[Available data]

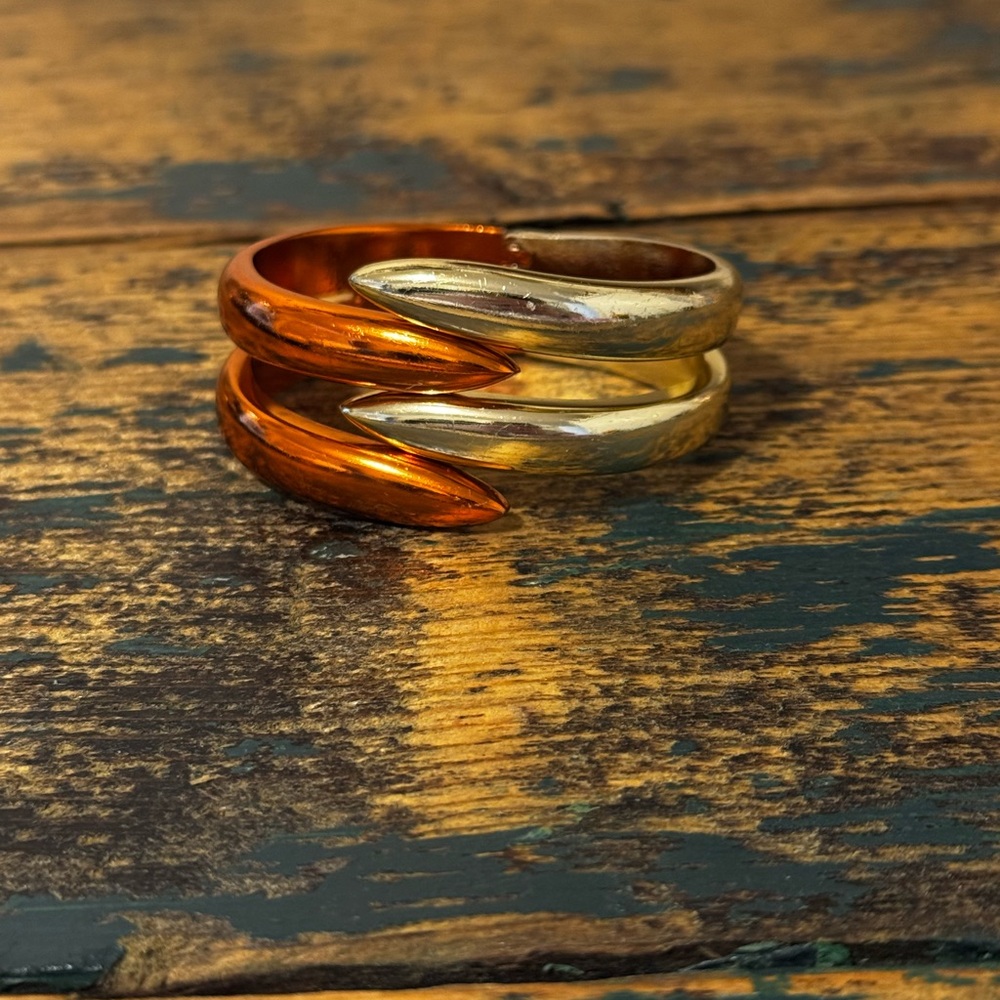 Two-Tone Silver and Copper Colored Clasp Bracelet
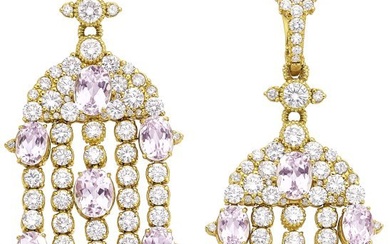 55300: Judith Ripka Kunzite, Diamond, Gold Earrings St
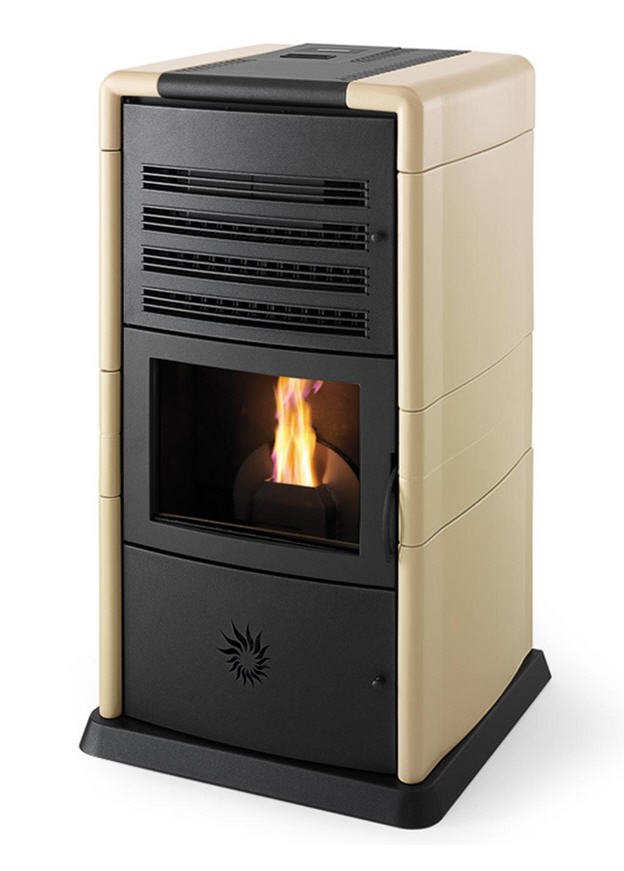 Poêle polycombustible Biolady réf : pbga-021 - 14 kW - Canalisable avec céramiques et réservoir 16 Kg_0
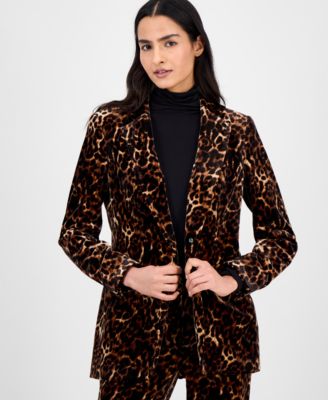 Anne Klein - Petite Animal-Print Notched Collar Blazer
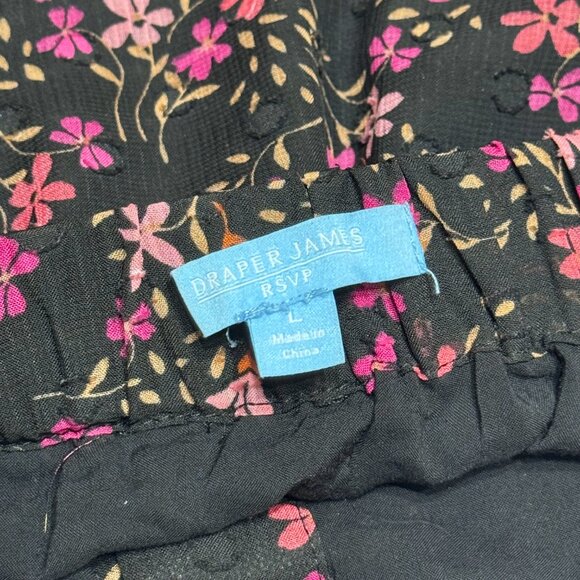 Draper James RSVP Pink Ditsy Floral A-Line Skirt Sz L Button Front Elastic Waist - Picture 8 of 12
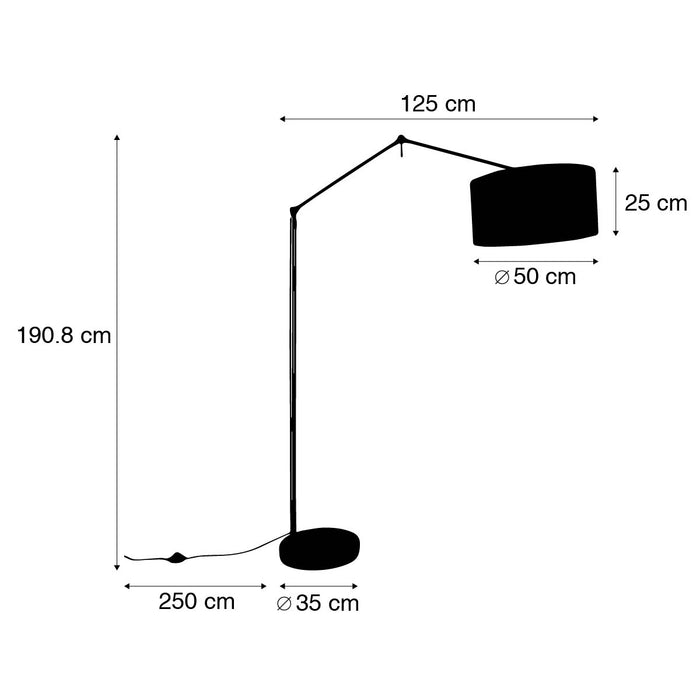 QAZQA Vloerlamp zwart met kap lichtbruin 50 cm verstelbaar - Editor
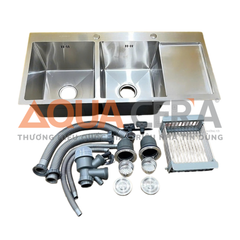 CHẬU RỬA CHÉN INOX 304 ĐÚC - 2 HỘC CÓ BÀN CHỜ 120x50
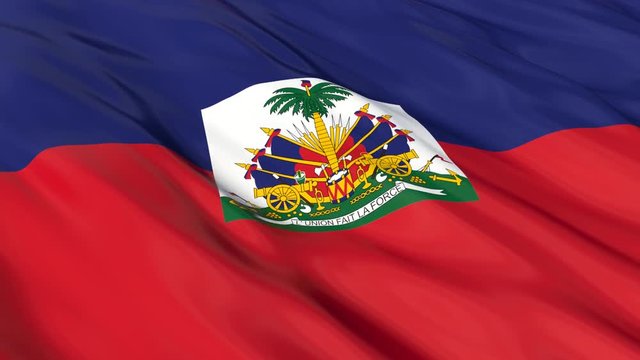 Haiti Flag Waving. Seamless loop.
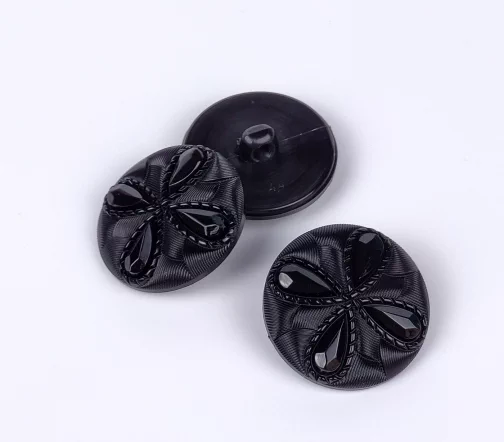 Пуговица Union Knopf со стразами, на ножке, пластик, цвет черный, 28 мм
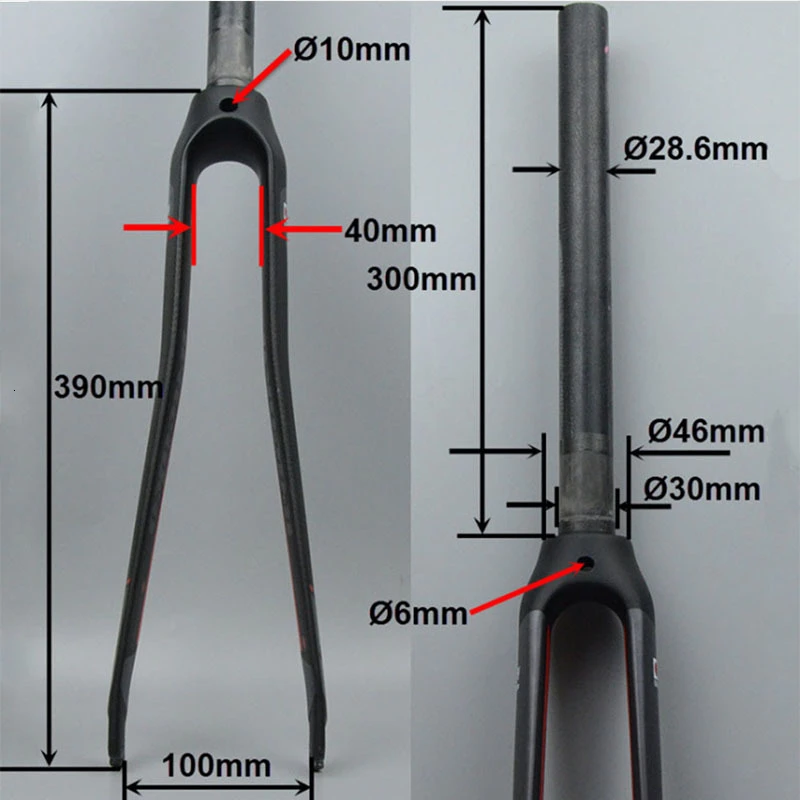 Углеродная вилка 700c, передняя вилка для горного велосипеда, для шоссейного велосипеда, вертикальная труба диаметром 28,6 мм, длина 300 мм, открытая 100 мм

[/Available data]

Go through the entries above and output them exactly, without pictures.

 Two-Tone Silver and Copper Colored Clasp Bracelet
 55300: Judith Ripka Kunzite, Diamond, Gold Earrings St
 Poêle polycombustible Biolady réf : pbga-021 - 14 kW - Canalisable avec céramiques et réservoir 16 Kg_0
 Anne Klein - Petite Animal-Print Notched Collar Blazer
 Draper James RSVP Pink Ditsy Floral A-Line Skirt Sz L Button Front Elastic Waist - Picture 8 of 12
 QAZQA Vloerlamp zwart met kap lichtbruin 50 cm verstelbaar - Editor
 CHẬU RỬA CHÉN INOX 304 ĐÚC - 2 HỘC CÓ BÀN CHỜ 120x50
 Haiti Flag Waving. Seamless loop.
 Пуговица Union Knopf со стразами, на ножке, пластик, цвет черный, 28 мм
 Углеродная вилка 700c, передняя вилка для горного велосипеда, для шоссейного велосипеда, вертикальная труба диаметром 28,6 мм, длина 300 мм, открытая 100 мм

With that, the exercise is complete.